CostRoutingEngineering
Model Routing: Using the Cheapest Model That Actually Solves the Task
AE
Autrace EngineeringNot every LLM call needs GPT-4o. If you're doing keyword classification, entity extraction, or simple Q&A - you're paying for a model that's 10-40x more expensive than necessary on every call.
The cost case
Approximate input/output costs as of early 2026:
- GPT-4o: ~$2.50 / $10.00 per million tokens
- Claude 3.5 Haiku: ~$0.80 / $4.00 per million tokens
- Gemini 1.5 Flash: ~$0.075 / $0.30 per million tokens
- Llama 3.1 8B (self-hosted): ~$0.05 / $0.05 per million tokens
For workloads where 70% of requests are simple classification or extraction, routing those to Flash or Haiku while keeping complex reasoning on GPT-4o can cut LLM spend by 60-80% with no quality degradation on complex tasks.
Routing rules in Autrace
# autrace-rules.yaml
routing:
- id: route-classification
match:
metadata.task_type: ["classify", "extract", "summarize"]

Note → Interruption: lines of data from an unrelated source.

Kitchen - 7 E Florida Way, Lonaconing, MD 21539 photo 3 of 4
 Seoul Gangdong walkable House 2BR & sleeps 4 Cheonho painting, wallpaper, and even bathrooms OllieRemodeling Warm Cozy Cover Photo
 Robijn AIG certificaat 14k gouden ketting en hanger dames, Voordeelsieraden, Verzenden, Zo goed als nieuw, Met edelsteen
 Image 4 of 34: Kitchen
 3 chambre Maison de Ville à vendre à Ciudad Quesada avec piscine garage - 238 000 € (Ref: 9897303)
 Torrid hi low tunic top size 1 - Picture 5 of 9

estimated_tokens: { max: 2000 }
route_to:
model: "gemini/gemini-1.5-flash"
- id: route-complex-reasoning
match:
metadata.task_type: ["reason", "code", "analyze"]
route_to:
model: "openai/gpt-4o"
- id: route-default
match: "*"
route_to:
model: "anthropic/claude-3-haiku-20240307"Fallback routing
routing:
- id: ha-route
match: "*"
route_to:
primary: "openai/gpt-4o"
fallback:
- "anthropic/claude-3-5-sonnet-20241022"
- "google/gemini-1.5-pro"
on_error: ["rate_limit", "timeout", "server_error"]Cost attribution
Every proxied request is logged with the actual model used, input token count, output token count, and estimated cost. Export to your data warehouse via the audit log export API to attribute LLM spend per team, feature, or user cohort.